# MK5 Gti Every fuse I use my Amp wont turn off when the car is off!!



## bOOst_BoY02 (Apr 4, 2004)

Hi guys. I just recently put a new sub and amp in my car and for some reason, every single fuse that i use for the remote wire, the amp stays on when the car is off. What fuse can I use? Ive tried the cigarette lighter, the rear outlet, the fans, the feul pump, pretty much all of them. Which one can I use? and if i cant use any of them...What can i use?


----------



## kroutbrner (Nov 2, 2009)

You need to hook the remote wire up to something that has 12V when the ignition is on and has no power when the ignition is off. 

Do you have a test light? If not, get one and check wires or conections behind the head unit for 12V when ignition is on ans no power when ignition is off. If you have an aftermarket head unit, the remote turn on for an amplifier is usualy the blue wire or a blue/white wire. It may be labled antena, remote or amp. If you have a factory head unit then you will have to go through the wires until you find the right one. More then likely there is one behind the head unit that sends 12V to turn the head unit on/off and you can tap into that one.

Hope that helps. GL:beer:


----------



## bOOst_BoY02 (Apr 4, 2004)

Yeah, i figured thats what i would have to do. I was hoping i could just use a fuse tho. Someone else also told me i might be able to just use on of the empty slots in the fuse box and run an extra fuse just for that? possible? Thanks for your input :thumbup:


----------



## feelinjunky (Aug 12, 2009)

I just tapped into the rear cig plug. Easiest way to run the wire.


----------



## bOOst_BoY02 (Apr 4, 2004)

i tried that, it still stayed on? WTF!!! lol:banghead:


----------



## feelinjunky (Aug 12, 2009)

Dude, there is no power to the cig plug with the key in the off position or totally out. wtf is that.


----------



## bOOst_BoY02 (Apr 4, 2004)

no idea, its blowing my mind. I dont understand it.
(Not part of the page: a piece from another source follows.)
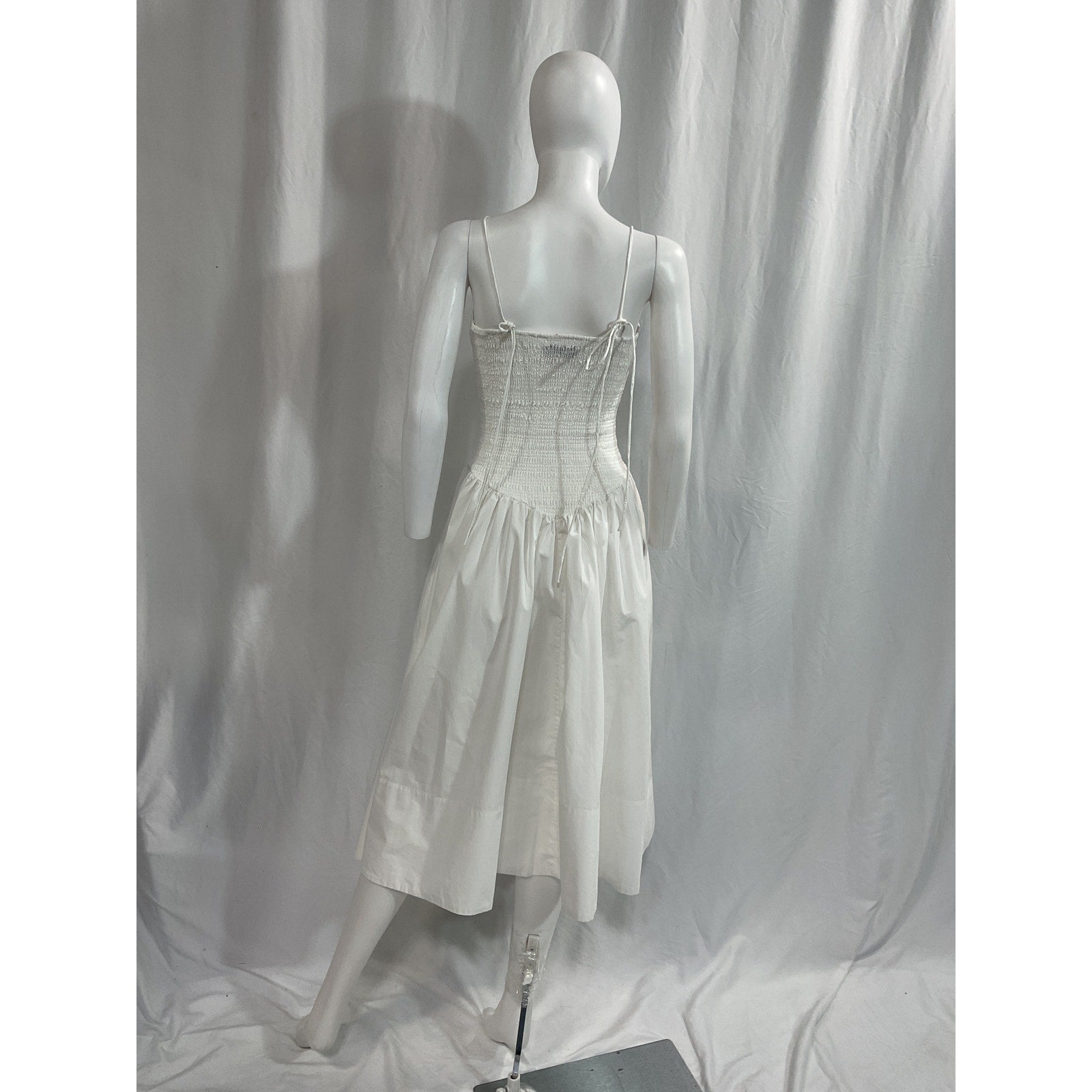 L'Academie 'Armanda' White Cotton Poplin Midi Dress Size M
Thats why im so frustrated. :banghead:


----------



## kwalton (Sep 3, 2001)

Notice the fused lead in the pic below. This is where I tapped for 12v switched when I did the amp in my friends' car.


----------



## Glegor (Mar 31, 2008)

tap into the wire from the key switch that actually turns the head unit on? then when the radio is off, the amp is off..

or just hook it up to the amp wire on the back of the stereo..


----------



## feelinjunky (Aug 12, 2009)

Glegor said:


> tap into the wire from the key switch that actually turns the head unit on? then when the radio is off, the amp is off..
> 
> or just hook it up to the amp wire on the back of the stereo..


Our stock stereo wiring is retarded. They have a constant 12V running to them so even when the ignition is turned from on to off, it still stays on. You have to pull the key out. And the reverse doesn't turn the radio on, only turning from off to on does. I added an aftermarket HU and I need to turn it on and off manually. I wish it went on and off like the stock stereo.


----------



## kwalton (Sep 3, 2001)

There are ways to do what you are talking about. The reason the factory radio reacts as it does is due to the can-bus system and the key sensing ignition switch.


----------



## feelinjunky (Aug 12, 2009)

kwalton said:


> There are ways to do what you are talking about. The reason the factory radio reacts as it does is due to the can-bus system and the key sensing ignition switch.


Yea man, I haven't been able to find which wires to tap into. There are 2 CAN-BUS wires that ran into my stock radio. I wonder if these are just switch wires that are supposed to turn the stereo on and off, possibly via an interior relay in the stock stereo? I've had no luck searching...


----------



## bOOst_BoY02 (Apr 4, 2004)

So I took the head unit out to tap into the power wire that goes straight to the head unit. I used the b+ wire. It did the same thing! Amp is still staying on all the time! WTF! Somebody please give me a solution. This is ridiculous. I also tried other fuses and none worked. Help


----------



## feelinjunky (Aug 12, 2009)

Dude, it's gotta be your amp. Idk man.


----------



## iverson954360 (Jun 17, 2010)

I used an aftermarket CAN-bus adapter for my pioneer 3100, it turns on and off with the car and even does dimming. Its super easy to install, plug the adapter straight into your factory harness, wire up the head unit to the adapter and you're done.


----------